In [None]:
%pyspark
spark.version

### Import necessary libraries

In [None]:
from pyspark.sql.functions import regexp_replace, regexp_extract
from pyspark.sql.types import StringType, FloatType, IntegerType

### Get data from S3 and Glue Data Catalog

In [None]:
df = spark.read.format("csv")\
.option("header", True)\
.option("inferSchema", True)\
.option("sep", ",")\
.load("s3://dirty-transactions-from-csv-to-parquet/dirty_transactions/dirty_transactions.csv")

In [None]:
df.show(5)

In [None]:
df_glue_table = spark.table("dirty-transactions-from-csv-to-parquet.dirty_transactions")

In [None]:
df_glue_table.show(5)

### Define UDFs

In [None]:
def extract_city_name(string):
    cleaned_string = regexp_replace(string, r'[^\w\s]', '')
    city_name = cleaned_string.strip()
    return city_name

def extract_only_numbers(string):
    numbers = regexp_extract(string, r'\d+', 0)
    return ''.join(numbers)

def extract_floats_without_sign(string):
    string_without_dollar = regexp_replace(string, r'\$', '')
    return float(string_without_dollar)

### Register UDFs

In [None]:
spark.udf.register("extract_city_name", extract_city_name, StringType())
spark.udf.register("extract_only_numbers", extract_only_numbers, IntegerType())
spark.udf.register("extract_floats_without_sign", extract_floats_without_sign, FloatType())

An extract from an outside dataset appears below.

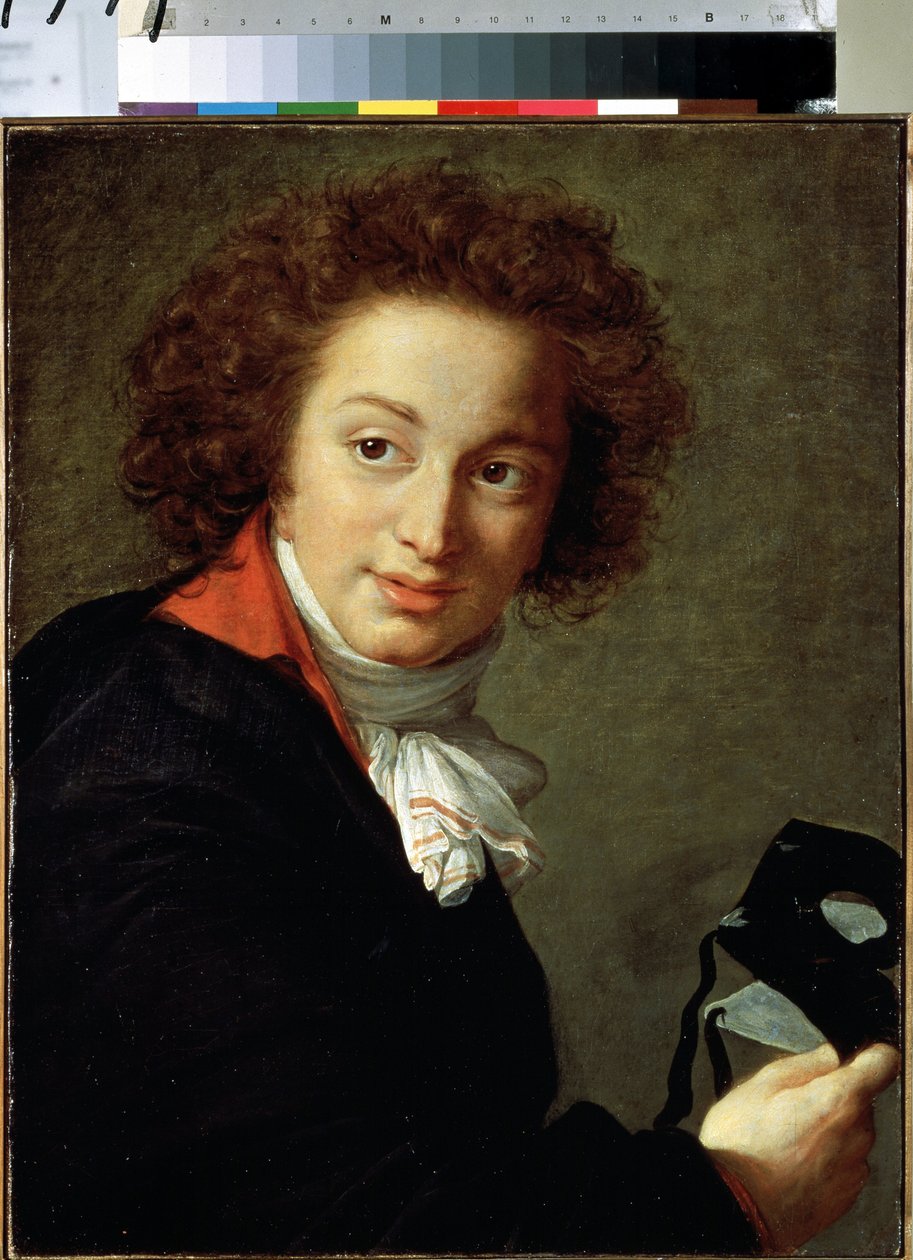 Porträtt av greve Grigory Chernyshov med mask. Målning av Marie Louise Elisabeth Vigee Lebrun (1755-1842). Olja på duk, 56 x 44 cm av Elisabeth Louise Vigee Lebrun
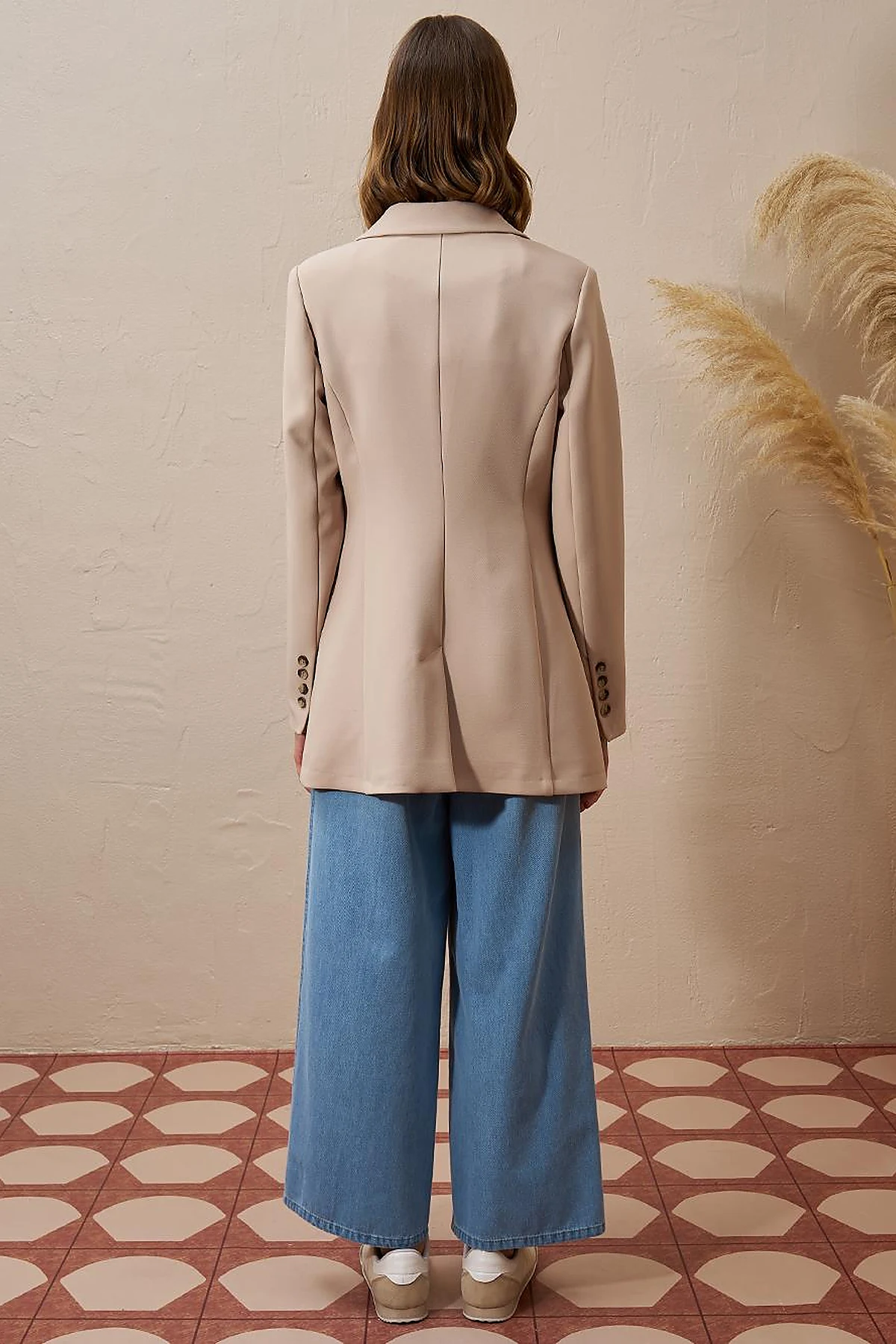 Single Button Blazer Jacket Beige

### Apply functions and create final clean dataframe

In [None]:
df_final = df_glue_table.selectExpr(
    "store_id",
    "extract_city_name(store_location) as store_location",
    "product_category",
    "extract_only_numbers(product_id) as product_id",
    "extract_floats_without_sign(mrp) as mrp",
    "extract_floats_without_sign(cp) as cp",
    "extract_floats_without_sign(discount) as discount",
    "extract_floats_without_sign(sp) as sp",
    "date"
)

In [None]:
df_final.show(5)

### Write final dataframe to S3 and create a corresponding Data Catalog

In [None]:
df_final.write\
.saveAsTable('dirty-transactions-from-csv-to-parquet.clean_transactions', format='parquet', mode='overwrite',
            path='s3://aws-glue-emr-from-csv-to-parquet/clean_transactions_parquet')